John Casaretti, National President of the Air Marshal Association told USA Today in 2014 that in order to have FAMs aboard all 30,000 domestic flights in America every day, the agency would need a compliment of 75,000 people. While the TSA will not release the number of agents it employs, estimates are that there are only about 3,000 FAMs, a good portion of which do not fly at all (instead, assigned to ground-based administrative positions).
Furthermore, FAMs frequently choose to not intervene in cases of unruly passengers because they want to remain incognito in case something more serious — most notably, an attempted takeover of the airplane — was to occur later in the flight. So more regularly than one might expect, that job falls on a cop.
Working while off-duty
This is not the first time an off-duty officer intervened and solved a problem at cruising altitude aboard a commercial airliner. In January 2015, three Utah officers restrained an unruly passenger who created a disturbance on a JetBlue Airways flight en route from New York to Salt Lake City. In November 2011, an off-duty New York City police officer named Anibal Mercado subdued and handcuffed an intoxicated 22-year-old passenger named Antonio Ynoa aboard JetBlue Flight 832.
Perhaps best instance in recent memory was back in May 2009, when San Jose (Calif.) police officers Luan Nguyen and Manny Vasquez were en route home from a vacation in Viet Nam when the voice at the pointy end of the airplane announced over the intercom, “I have a situation on board.

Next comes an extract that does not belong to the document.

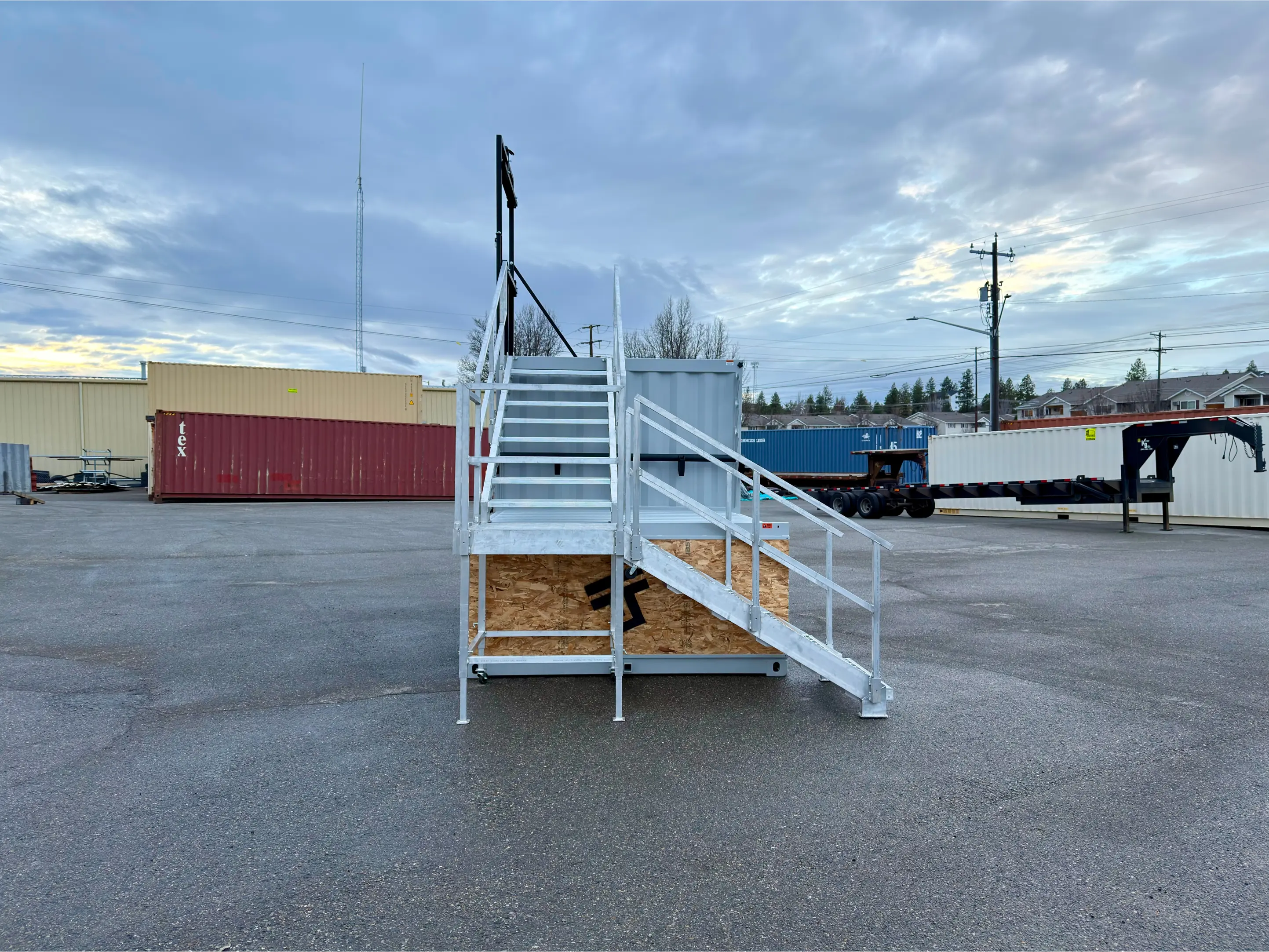 Straight-on view of the Series 12 optional stair run and guardrails at a fire department training site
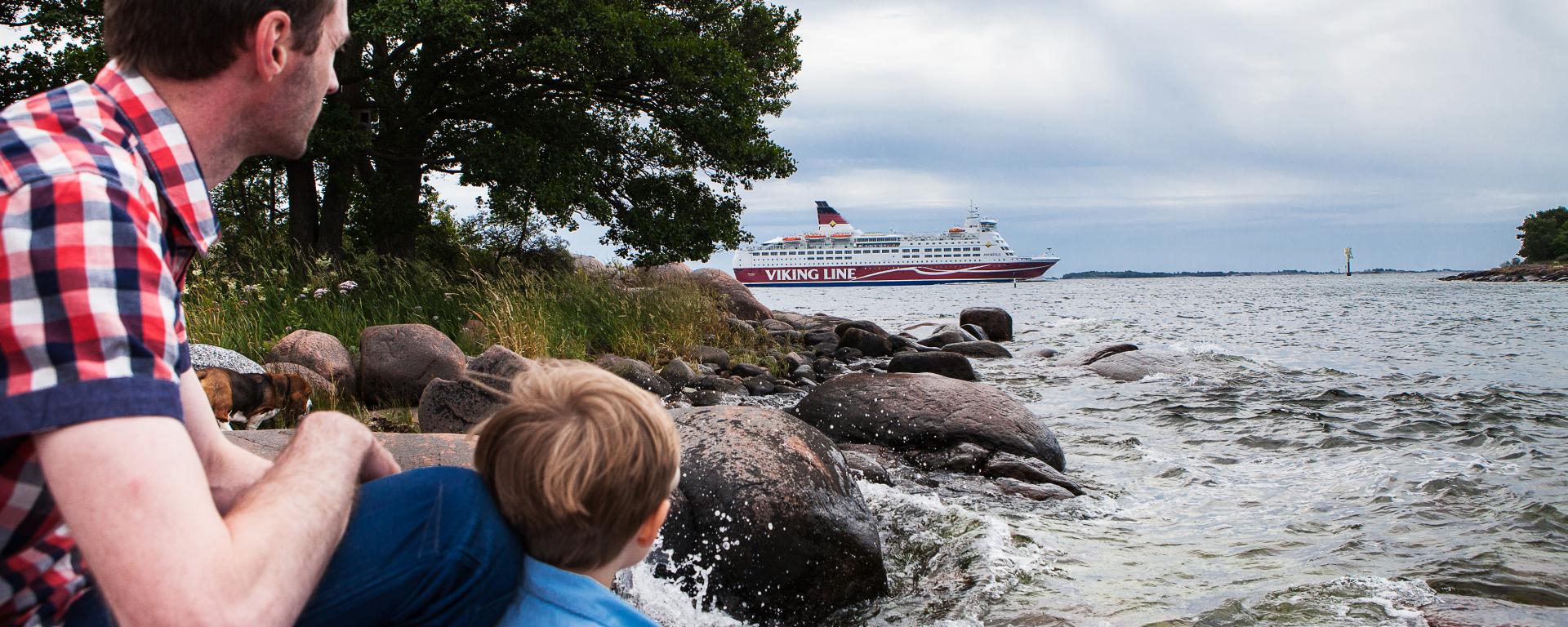 Pappa med barn tittar på när Viking Lines fartyg passerar stranden.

If there are any law enforcement officers on board, please identify yourselves to a flight attendant.”
Vasquez nudged Nguyen — who was fast asleep — and said, “It’s time to go to work.” Those two coppers used improvised tools to keep a mentally unstable and physically resistive subject safely subdued and restrained a man for upwards of four hours at altitude.
During that incident, there were no air marshals on board. San Jose PD were the only hope of resolution in that situation.
Upon arrival home, Vasquez gave his 13-year-old son a model of the airplane on which that incident happened. His son reportedly asked “Daddy, when the captain called, why didn’t you just stay seated?”
Vasquez told his son, “They call you and ask for your assistance and it’s, ‘Let’s go!’”
Indeed. Cops take care of business when people are in need.
What is the importance of these events?
In many cases, particularly if an off-duty cop is unarmed due to being present in a so-called gun free zone, such as an amusement park or a sporting event, the best course of action may simply be the best possible witness. But when an individual begins to pose a threat of death or great bodily harm to innocent civilians, even an unarmed officer generally will choose to leap into action.
Police officers have the training and the mindset to use personal weapons — hands, fists, elbows, feet, and knees — to resolve potentially violent situations. Sheriff Clarke and the other abovementioned LEOs prove time and again that when the skies become unfriendly, they are the first line of defense.